Apr 18 at 22:44 comment added mechanodroid ... To further drive the point, they used this fact to justify rejecting the paper by making the following argument: "The proof of the paper is unnecessarily complicated. I know because I came up with a much simpler one." 5. Beyond its existence, the reviewer did not disclose anything else about this simpler proof. Neither the idea nor which supposedly new methods they were able to apply. This makes it unlikely that they would be interested in salvaging the paper in the present form. Rather, they made it obvious that the paper should be restructured entirely.
Apr 18 at 22:43 comment added mechanodroid ... This alone makes it exceedingly unlikely that a casual reader on arXiv would even skim through the paper, let alone make a serious effort to understand the proof. 3. Contrary to the previous two points, the reviewer had to go through the paper in great detail to verify the proof's correctness. As stated before, this would not be possible without a serious effort of going through many lengthy computations. 4. Most importantly (and perhaps surprisingly), the reviewer explicitly stated that after some thinking they arrived at a simpler proof using different methods.
Apr 18 at 22:43 comment added mechanodroid @DanRomik "...why they need to be more worried about the reviewer committing this plagiarism than about anyone else committing it." The paper is indeed already on arXiv but I have several quite specific reasons to be worried about the reviewer in particular, rather than anyone else: 1. The result is quite obscure and unlikely to attract the attention of the right people who would be even interested in shortening the proof. 2. The paper is indeed quite long, technical and contains lengthy computations which are themselves very elementary but extremely tedious and difficult to follow.
Apr 18 at 17:20 comment added David White @DanRomik I addressed that part of the question ("Their paper could even acknowledge...") in the middle of my answer. But, because the OP was asking whether uploading to arXiv could protect against the scenario, in the beginning of my answer I was assuming the paper had not been uploaded to arXiv and was not publicly available. From the mid-point of the answer on, I address how putting the paper on arXiv changes things. I think most of what's in your answer is already in mine, but, hey, it doesn't hurt for the OP to hear it twice.
Apr 18 at 17:19 comment added Dan Romik ... As for the situation of a reviewer committing plagiarism, that would indeed be very unethical.
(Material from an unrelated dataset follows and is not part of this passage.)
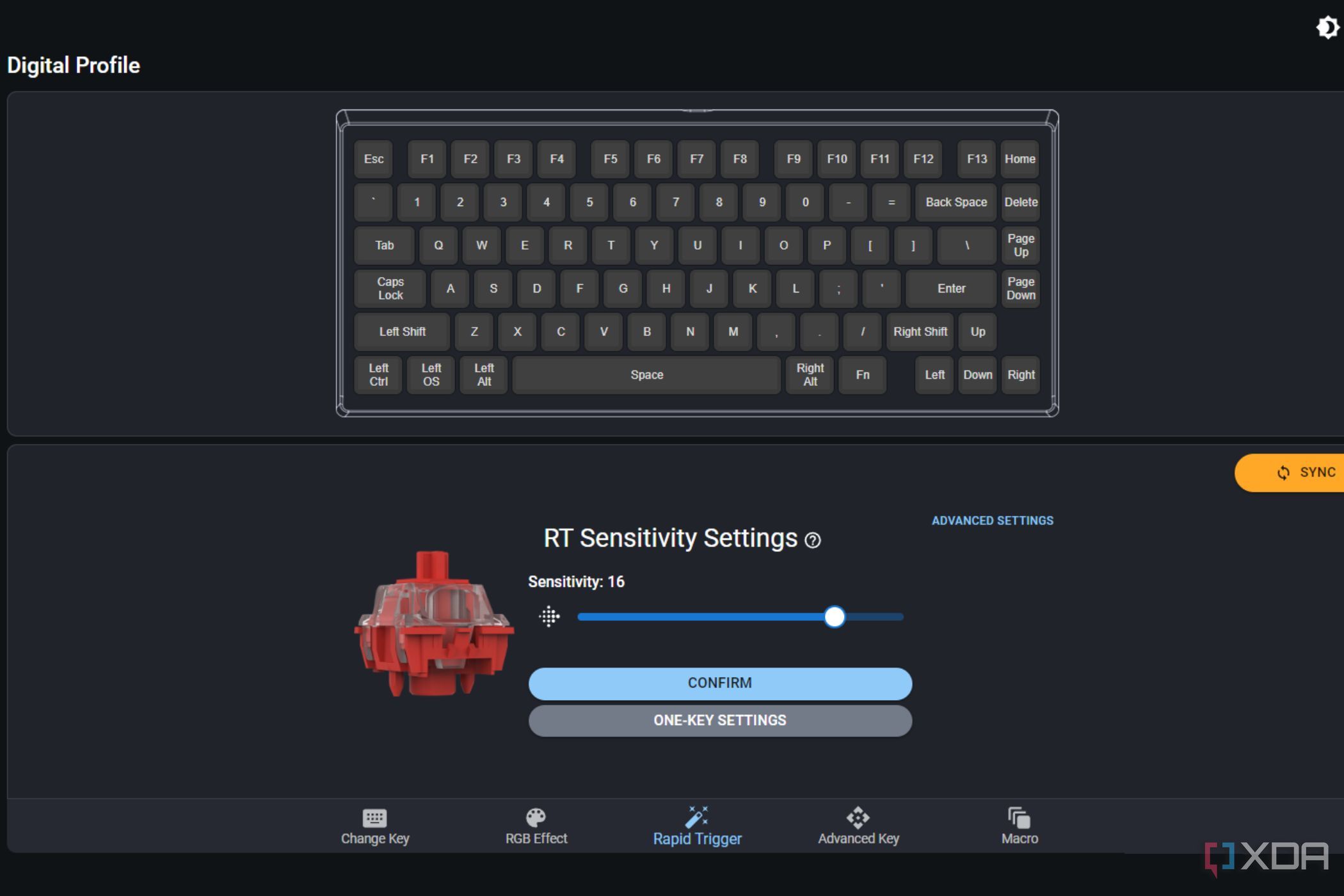 A screenshot showing the software used to tweak the Meletrix Boog75 keyboard.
However, to the extent that this is something OP needs to worry about, I don't see why they need to be more worried about the reviewer committing this plagiarism than about anyone else committing it. As I said in my answer, once the paper is on arXiv literally anyone can try to improve on it (and literally anyone can plagiarize it if they wish to behave unethically). The reviewer has no special advantage, and no more incentive than anyone else does to behave unethically.
Apr 18 at 17:17 comment added Dan Romik I think most of this answer talks about a scenario that is quite different from what OP asks about. OP wrote: "Their paper could even acknowledge that the original researcher made them aware of the result", indicating that they are not thinking of a situation in which the reviewer makes active efforts to pass off the theorems in the paper as their own; rather, the reviewer cites the earlier work and publishes a paper claiming only the novel element of "shorter, more presentable proofs". That situation is the one I address in my answer.
Apr 18 at 12:40 comment added testaccount This is the correct answer, and good advice. In pure math, I believe in general people are pretty careful about attributing results, at least recent ones. You can find many papers with notes such as "Theorem 1.1 was also obtained independently by X and Y in ..." when two groups prove similar results around the same time.